Et voilà, my new favorite salad was born.
One important hint upfront about the size of the bowl in which you mix all the ingredients:
Take the largest one you have!
Seriously. You'd better go rummage your basement looking for that one giant salad bowl that your grandmother handed you down or another relative gave you for Christmas to use on a special occasion. This recipe marks that special occasion!
Find the extra-large bowl, rescue it from the basement, and then put it to use. A whole Chinese cabbage may not look like much, but once it’s cut into pieces its volume seems to double. Or even triple. Well, you don't have to listen to me, of course. You might even like to have pieces of Chinese cabbage flying around everywhere in your kitchen. But as I’m a nice person I felt the urge to warn you.

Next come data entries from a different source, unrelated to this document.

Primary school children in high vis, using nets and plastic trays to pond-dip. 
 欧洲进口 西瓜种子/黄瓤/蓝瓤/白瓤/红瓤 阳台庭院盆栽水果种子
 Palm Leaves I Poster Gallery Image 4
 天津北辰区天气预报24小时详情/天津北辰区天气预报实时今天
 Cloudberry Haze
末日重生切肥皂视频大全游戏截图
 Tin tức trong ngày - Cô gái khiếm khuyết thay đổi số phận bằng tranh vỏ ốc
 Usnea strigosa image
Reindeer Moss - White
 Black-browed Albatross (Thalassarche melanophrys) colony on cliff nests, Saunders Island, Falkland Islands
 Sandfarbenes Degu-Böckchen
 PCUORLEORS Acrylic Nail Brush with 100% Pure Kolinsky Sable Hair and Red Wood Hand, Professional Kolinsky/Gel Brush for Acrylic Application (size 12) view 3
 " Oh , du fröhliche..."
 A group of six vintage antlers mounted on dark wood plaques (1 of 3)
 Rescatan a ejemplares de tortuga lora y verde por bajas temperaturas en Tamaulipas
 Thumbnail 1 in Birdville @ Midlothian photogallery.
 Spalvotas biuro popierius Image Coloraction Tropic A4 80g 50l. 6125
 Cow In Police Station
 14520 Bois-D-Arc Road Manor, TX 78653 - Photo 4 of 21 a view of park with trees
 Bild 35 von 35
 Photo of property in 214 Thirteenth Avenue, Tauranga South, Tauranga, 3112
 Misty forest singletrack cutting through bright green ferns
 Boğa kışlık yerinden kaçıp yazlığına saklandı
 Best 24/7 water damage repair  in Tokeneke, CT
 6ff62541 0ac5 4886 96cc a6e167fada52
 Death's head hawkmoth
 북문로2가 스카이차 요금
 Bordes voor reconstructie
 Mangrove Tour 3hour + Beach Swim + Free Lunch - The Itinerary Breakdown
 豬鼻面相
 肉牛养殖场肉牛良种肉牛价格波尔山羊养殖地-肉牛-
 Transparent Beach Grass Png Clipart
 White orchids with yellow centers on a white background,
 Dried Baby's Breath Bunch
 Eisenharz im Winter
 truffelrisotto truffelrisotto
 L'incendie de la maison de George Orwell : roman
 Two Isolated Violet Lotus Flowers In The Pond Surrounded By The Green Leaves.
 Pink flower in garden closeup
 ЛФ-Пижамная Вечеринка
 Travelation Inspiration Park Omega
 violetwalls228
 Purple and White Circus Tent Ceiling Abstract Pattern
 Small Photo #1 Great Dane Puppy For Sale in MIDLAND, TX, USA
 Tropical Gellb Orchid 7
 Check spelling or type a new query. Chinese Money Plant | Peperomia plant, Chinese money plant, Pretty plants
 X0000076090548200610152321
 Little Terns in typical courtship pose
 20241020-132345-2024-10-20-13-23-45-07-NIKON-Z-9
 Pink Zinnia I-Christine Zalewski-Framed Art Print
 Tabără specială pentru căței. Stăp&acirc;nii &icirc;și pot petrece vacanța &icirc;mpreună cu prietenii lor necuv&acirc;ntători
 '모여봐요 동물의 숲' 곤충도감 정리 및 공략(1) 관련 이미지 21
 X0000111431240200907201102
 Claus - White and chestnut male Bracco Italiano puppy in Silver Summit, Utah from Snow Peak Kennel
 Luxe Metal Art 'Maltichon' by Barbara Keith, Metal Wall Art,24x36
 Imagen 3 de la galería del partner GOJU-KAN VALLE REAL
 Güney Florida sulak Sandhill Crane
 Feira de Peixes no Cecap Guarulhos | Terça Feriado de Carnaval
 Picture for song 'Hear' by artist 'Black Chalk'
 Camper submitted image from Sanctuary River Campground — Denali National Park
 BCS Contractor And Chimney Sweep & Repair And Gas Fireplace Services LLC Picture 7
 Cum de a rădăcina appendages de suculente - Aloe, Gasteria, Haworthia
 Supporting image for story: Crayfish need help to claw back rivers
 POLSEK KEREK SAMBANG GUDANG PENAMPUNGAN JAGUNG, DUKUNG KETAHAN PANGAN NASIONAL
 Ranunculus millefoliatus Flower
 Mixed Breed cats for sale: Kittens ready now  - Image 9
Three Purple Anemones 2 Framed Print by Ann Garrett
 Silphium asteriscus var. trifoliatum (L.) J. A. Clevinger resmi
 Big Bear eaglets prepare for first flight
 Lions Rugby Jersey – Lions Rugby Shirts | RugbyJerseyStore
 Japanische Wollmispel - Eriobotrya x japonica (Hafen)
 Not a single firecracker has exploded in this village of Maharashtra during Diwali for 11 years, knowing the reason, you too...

One more hint (then I'll really stop, and you can finally go check out the recipe): You won't find any salt in the ingredients list for the sauce. Yes, that's true, no need to double-check or tell me that I forgot to mention it. I deliberately left it out, because I find that the tamari sauce and vegetable broth add enough saltiness to the dish. But of course, you are free to act according to your taste and season with salt to your liking.
Chinese cabbage salad with mung bean sprouts and smoked tofu - Prepared in the largest bowl you own
- 1 medium-sized Chinese cabbage about 800g
- 150 g mung bean sprouts* optional
- 250 g cherry tomatoes
- 400 g smoked tofu
- 50 ml strong vegetable broth
- 1 tablespoon native sesame oil
- 1 tablespoon roasted sesame oil
- 2 tablespoons apple cider vinegar
- 3 tablespoons tamari sauce alternatively soy sauce
- 3 tablespoons sesame seeds roasted
- Wash the Chinese cabbage. Cut off the stalk, quarter the cabbage lengthwise and then cut the quarters into bite-sized pieces.
- Rinse the mung bean sprouts (if you use any).
- Rinse and halve the cherry tomatoes.
- Drain the smoked tofu and cut it into small cubes.
- For the sauce, whisk all ingredients together.
- Layer the salad ingredients (Chinese cabbage, sprouts, tomatoes, smoked tofu) in a very large bowl. Pour the sauce over them and carefully stir until everything is well incorporated.